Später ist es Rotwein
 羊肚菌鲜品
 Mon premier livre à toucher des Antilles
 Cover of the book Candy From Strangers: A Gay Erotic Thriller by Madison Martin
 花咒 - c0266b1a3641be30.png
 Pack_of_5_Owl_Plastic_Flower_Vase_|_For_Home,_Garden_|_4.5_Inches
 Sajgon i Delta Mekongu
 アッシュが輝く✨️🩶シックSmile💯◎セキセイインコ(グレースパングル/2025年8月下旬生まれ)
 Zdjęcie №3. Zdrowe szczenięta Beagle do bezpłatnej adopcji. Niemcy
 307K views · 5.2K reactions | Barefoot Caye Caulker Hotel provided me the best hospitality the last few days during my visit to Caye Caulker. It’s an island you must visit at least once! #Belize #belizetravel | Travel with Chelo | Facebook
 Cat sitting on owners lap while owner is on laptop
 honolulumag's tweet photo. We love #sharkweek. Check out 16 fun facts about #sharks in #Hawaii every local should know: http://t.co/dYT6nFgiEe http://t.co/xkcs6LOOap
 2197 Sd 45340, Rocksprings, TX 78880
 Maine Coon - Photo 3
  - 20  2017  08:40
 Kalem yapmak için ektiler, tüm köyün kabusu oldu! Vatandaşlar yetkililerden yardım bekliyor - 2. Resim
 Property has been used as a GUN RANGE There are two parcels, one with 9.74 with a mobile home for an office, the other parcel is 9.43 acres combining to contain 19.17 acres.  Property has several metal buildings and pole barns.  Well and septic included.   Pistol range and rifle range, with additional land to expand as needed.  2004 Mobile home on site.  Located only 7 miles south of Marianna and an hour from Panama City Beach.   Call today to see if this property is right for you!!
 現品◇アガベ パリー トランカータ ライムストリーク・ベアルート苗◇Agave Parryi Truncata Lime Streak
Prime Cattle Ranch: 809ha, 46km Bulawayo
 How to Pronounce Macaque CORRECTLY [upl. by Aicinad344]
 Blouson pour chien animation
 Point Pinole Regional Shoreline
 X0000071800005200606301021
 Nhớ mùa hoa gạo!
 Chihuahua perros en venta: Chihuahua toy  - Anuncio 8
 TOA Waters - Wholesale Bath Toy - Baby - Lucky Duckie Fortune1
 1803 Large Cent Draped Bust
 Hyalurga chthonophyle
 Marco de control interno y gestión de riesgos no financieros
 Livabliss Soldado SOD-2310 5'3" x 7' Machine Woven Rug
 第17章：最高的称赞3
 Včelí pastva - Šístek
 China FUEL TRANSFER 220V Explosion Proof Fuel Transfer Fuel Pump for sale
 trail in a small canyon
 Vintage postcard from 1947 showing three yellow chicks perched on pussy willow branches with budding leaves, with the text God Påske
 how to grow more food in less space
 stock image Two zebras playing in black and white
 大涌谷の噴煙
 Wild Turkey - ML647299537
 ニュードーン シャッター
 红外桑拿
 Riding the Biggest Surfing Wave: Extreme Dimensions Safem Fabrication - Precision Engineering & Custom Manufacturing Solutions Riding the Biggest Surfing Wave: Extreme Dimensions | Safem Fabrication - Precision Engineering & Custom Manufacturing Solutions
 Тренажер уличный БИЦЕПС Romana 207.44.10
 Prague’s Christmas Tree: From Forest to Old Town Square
○ ○ ○ ○ ○
[THE TASK]
Look through the material above and print exactly the lines from the one containing "2197 Sd 45340, Rocksprings, TX 78880" to the one containing "Тренажер уличный БИЦЕПС Romana 207.44.10", both included, and nothing more.

[SOLUTION TO THE PROBLEM]
 2197 Sd 45340, Rocksprings, TX 78880
 Maine Coon - Photo 3
  - 20  2017  08:40
 Kalem yapmak için ektiler, tüm köyün kabusu oldu! Vatandaşlar yetkililerden yardım bekliyor - 2. Resim
 Property has been used as a GUN RANGE There are two parcels, one with 9.74 with a mobile home for an office, the other parcel is 9.43 acres combining to contain 19.17 acres.  Property has several metal buildings and pole barns.  Well and septic included.   Pistol range and rifle range, with additional land to expand as needed.  2004 Mobile home on site.  Located only 7 miles south of Marianna and an hour from Panama City Beach.   Call today to see if this property is right for you!!
 現品◇アガベ パリー トランカータ ライムストリーク・ベアルート苗◇Agave Parryi Truncata Lime Streak
Prime Cattle Ranch: 809ha, 46km Bulawayo
 How to Pronounce Macaque CORRECTLY [upl. by Aicinad344]
 Blouson pour chien animation
 Point Pinole Regional Shoreline
 X0000071800005200606301021
 Nhớ mùa hoa gạo!
 Chihuahua perros en venta: Chihuahua toy  - Anuncio 8
 TOA Waters - Wholesale Bath Toy - Baby - Lucky Duckie Fortune1
 1803 Large Cent Draped Bust
 Hyalurga chthonophyle
 Marco de control interno y gestión de riesgos no financieros
 Livabliss Soldado SOD-2310 5'3" x 7' Machine Woven Rug
 第17章：最高的称赞3
 Včelí pastva - Šístek
 China FUEL TRANSFER 220V Explosion Proof Fuel Transfer Fuel Pump for sale
 trail in a small canyon
 Vintage postcard from 1947 showing three yellow chicks perched on pussy willow branches with budding leaves, with the text God Påske
 how to grow more food in less space
 stock image Two zebras playing in black and white
 大涌谷の噴煙
 Wild Turkey - ML647299537
 ニュードーン シャッター
 红外桑拿
 Riding the Biggest Surfing Wave: Extreme Dimensions Safem Fabrication - Precision Engineering & Custom Manufacturing Solutions Riding the Biggest Surfing Wave: Extreme Dimensions | Safem Fabrication - Precision Engineering & Custom Manufacturing Solutions
 Тренажер уличный БИЦЕПС Romana 207.44.10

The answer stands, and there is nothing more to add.